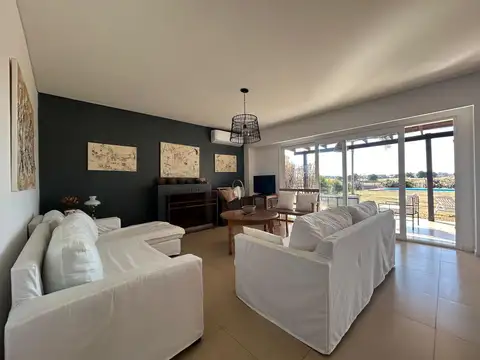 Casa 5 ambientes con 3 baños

* * *

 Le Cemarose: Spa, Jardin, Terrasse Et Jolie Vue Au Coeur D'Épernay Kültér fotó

==

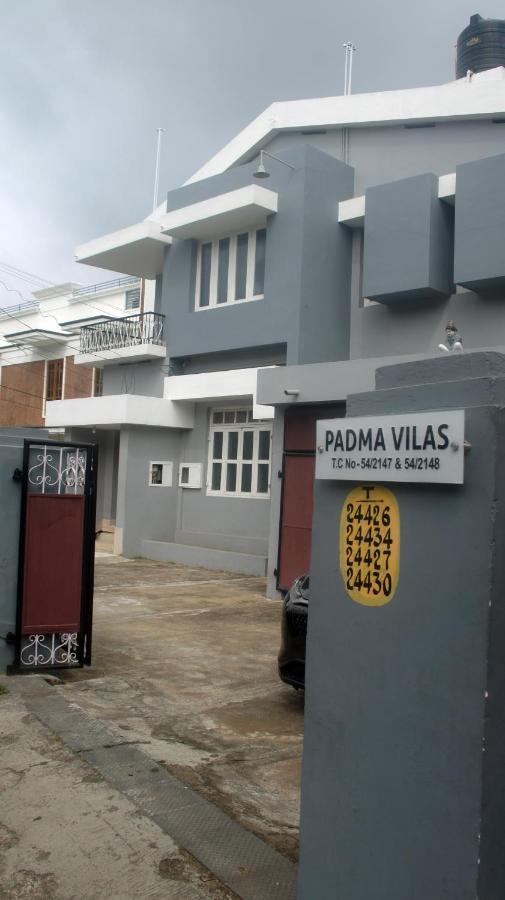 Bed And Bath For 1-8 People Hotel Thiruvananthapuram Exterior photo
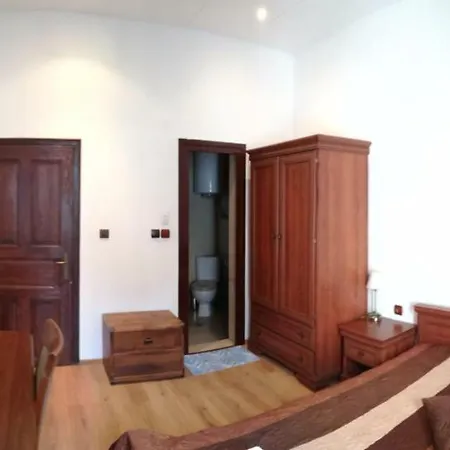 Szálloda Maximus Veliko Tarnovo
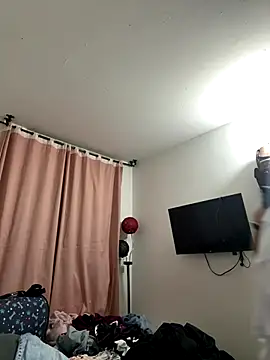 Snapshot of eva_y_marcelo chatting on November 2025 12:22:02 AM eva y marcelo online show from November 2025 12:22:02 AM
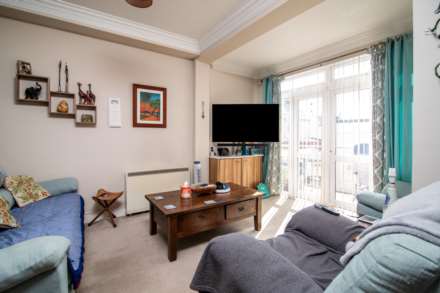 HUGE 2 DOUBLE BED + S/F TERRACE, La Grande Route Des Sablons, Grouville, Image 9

● **Problem to work on**
Using the listing above, reproduce word for word every line from the one containing "Snapshot of eva_y_marcelo" through the one containing "HUGE 2 DOUBLE". Pictures must be left out.

● **Reply**
 Snapshot of eva_y_marcelo chatting on November 2025 12:22:02 AM eva y marcelo online show from November 2025 12:22:02 AM
 HUGE 2 DOUBLE BED + S/F TERRACE, La Grande Route Des Sablons, Grouville, Image 9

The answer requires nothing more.